# DATA BELOW

* * *

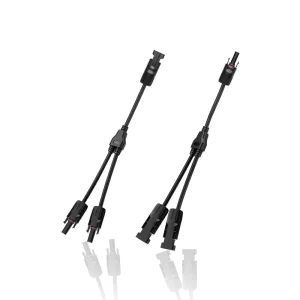 Solar PV Y Branch Connector 1000V 50A 2 1 Parallel Cable Splitter IP67 Waterproof Extension for Solar Panel Systems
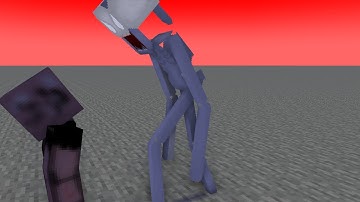 SCP 106 vs SCP 096 | Minecraft Animation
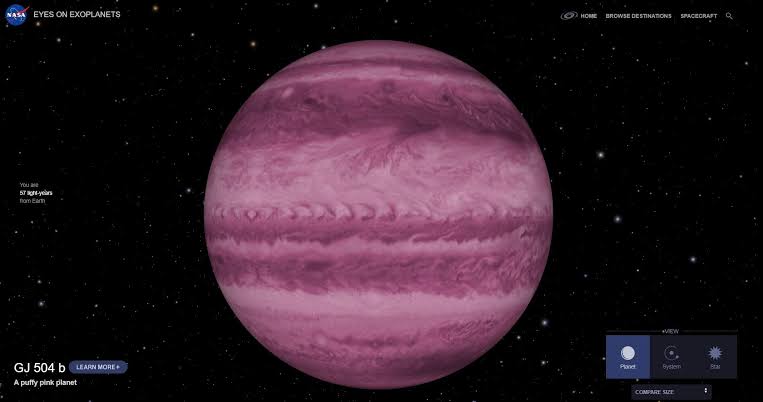La sorpresa del Planeta Rosa se comprobó gracias al James Webb.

* * *

# HOW TO COMPLETE THIS TASK
Pictures stay out of the copy; print the material above exactly.

# COMPLETED TASK
 Solar PV Y Branch Connector 1000V 50A 2 1 Parallel Cable Splitter IP67 Waterproof Extension for Solar Panel Systems
 SCP 106 vs SCP 096 | Minecraft Animation
La sorpresa del Planeta Rosa se comprobó gracias al James Webb.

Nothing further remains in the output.